* **WHAT THE TASK REQUIRES**
All that is wanted is the line with "怎么查看女朋友QQ聊天記录 如何查看女朋友QQ聊天记录？" and each line after it to the end of the data below, set down exactly and without pictures.

Stored items from a collection
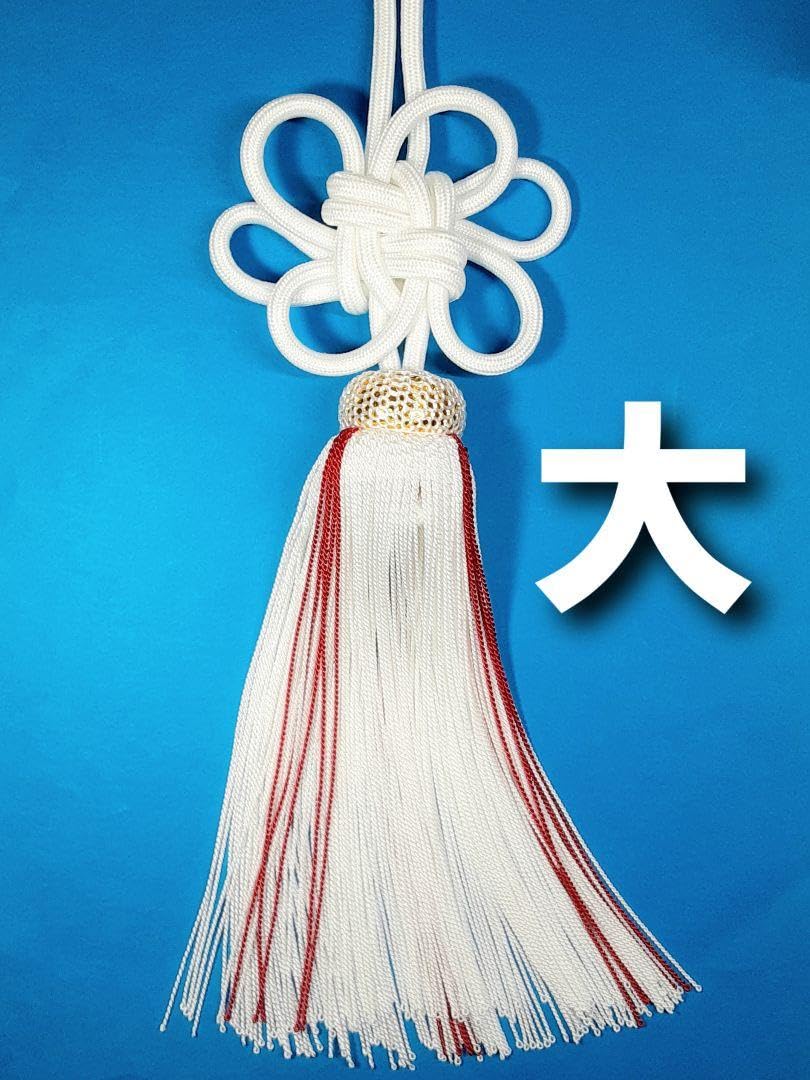 Amazon.co.jp: ふさ、白紐菊結び、白×赤房(大)一本房、祭り房、車内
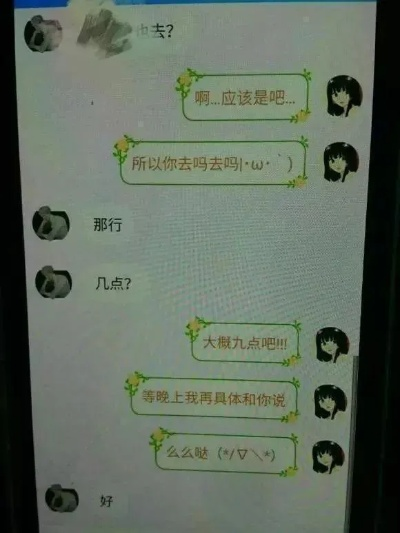 怎么查看女朋友QQ聊天記录 如何查看女朋友QQ聊天记录？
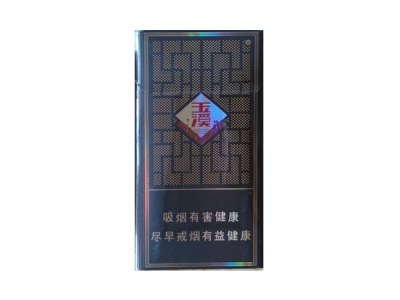 玉溪(合和细支.爆珠)2024价格表图 玉溪(合和细支.爆珠)香烟哪里有卖的？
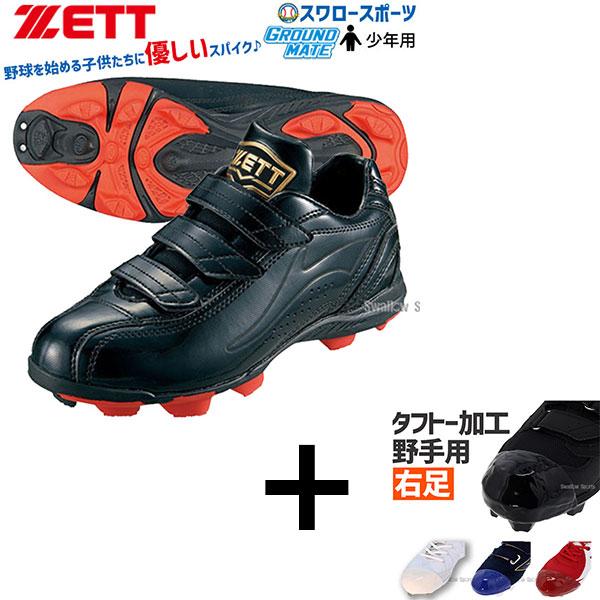 【タフトー加工込み/代引、後払い不可】 右足専用  野球 【縫いP加工不可】ゼット ZETT 野球 ...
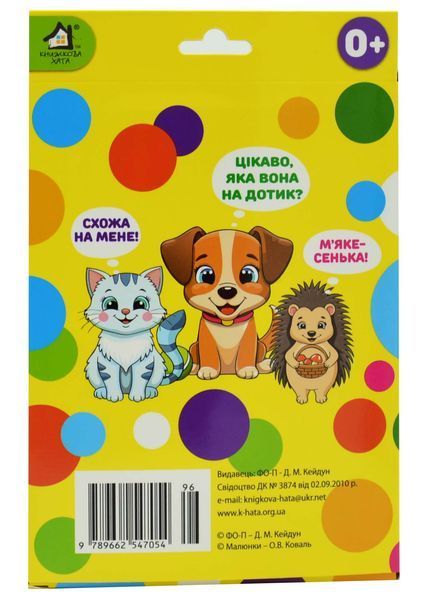 М'яка книжка. Хто чия мама? 10311033178 фото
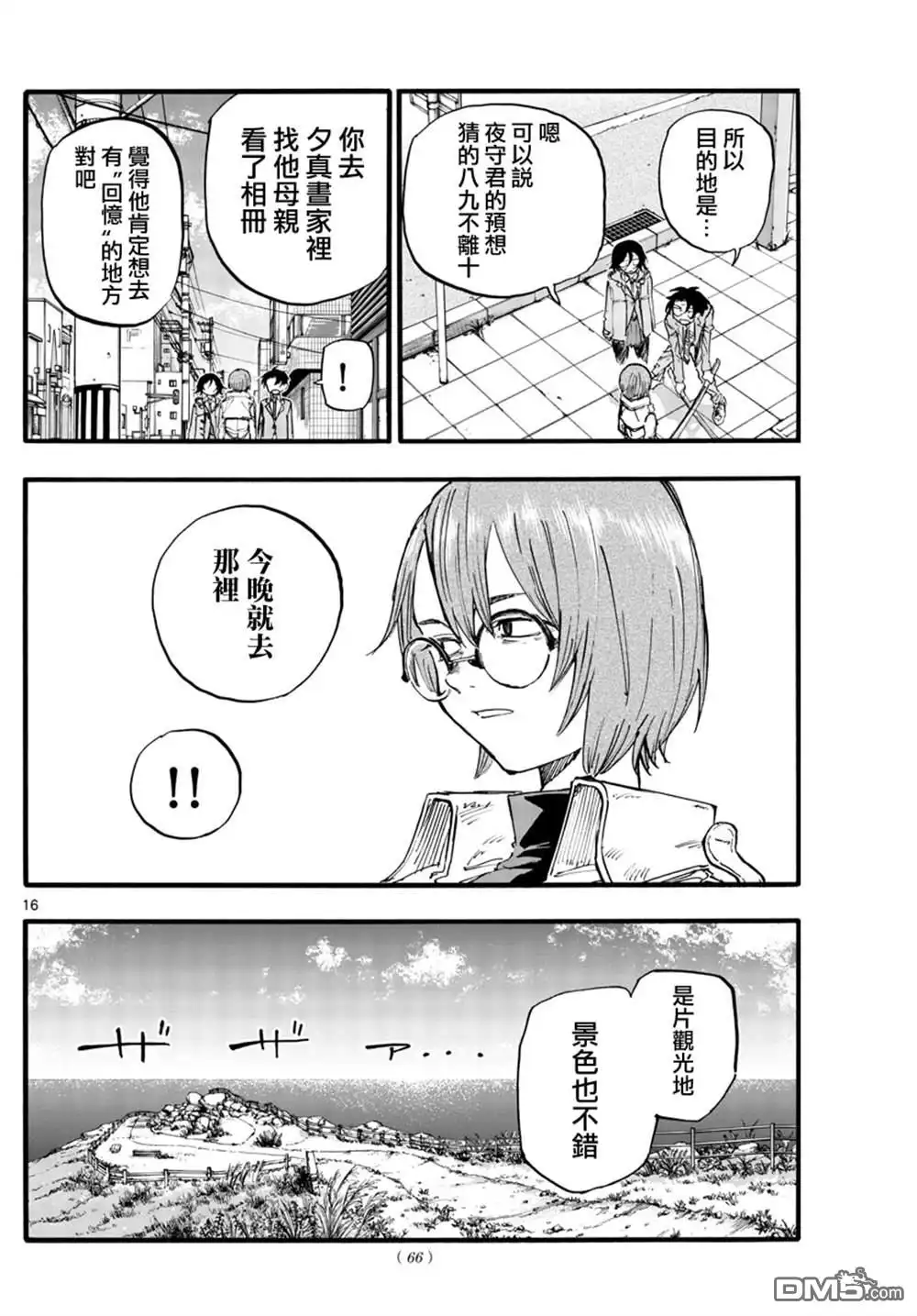 第16页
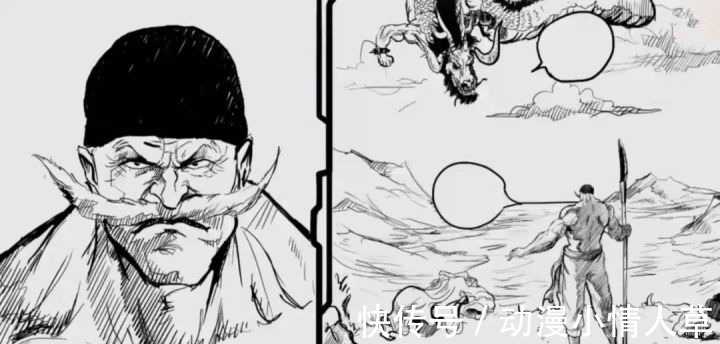 凯多|贴吧版《海贼王》凯多VS白胡子，若尾田这样画将补足漫画唯一短板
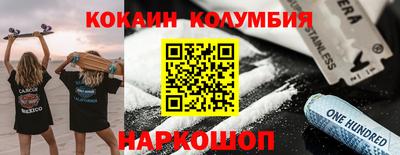 mix Наро-Фоминск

* **REPLY TO THE EXERCISE**
 怎么查看女朋友QQ聊天記录 如何查看女朋友QQ聊天记录？
 玉溪(合和细支.爆珠)2024价格表图 玉溪(合和细支.爆珠)香烟哪里有卖的？
 【タフトー加工込み/代引、後払い不可】 右足専用  野球 【縫いP加工不可】ゼット ZETT 野球 ...
 М'яка книжка. Хто чия мама? 10311033178 фото
 第16页
 凯多|贴吧版《海贼王》凯多VS白胡子，若尾田这样画将补足漫画唯一短板
 mix Наро-Фоминск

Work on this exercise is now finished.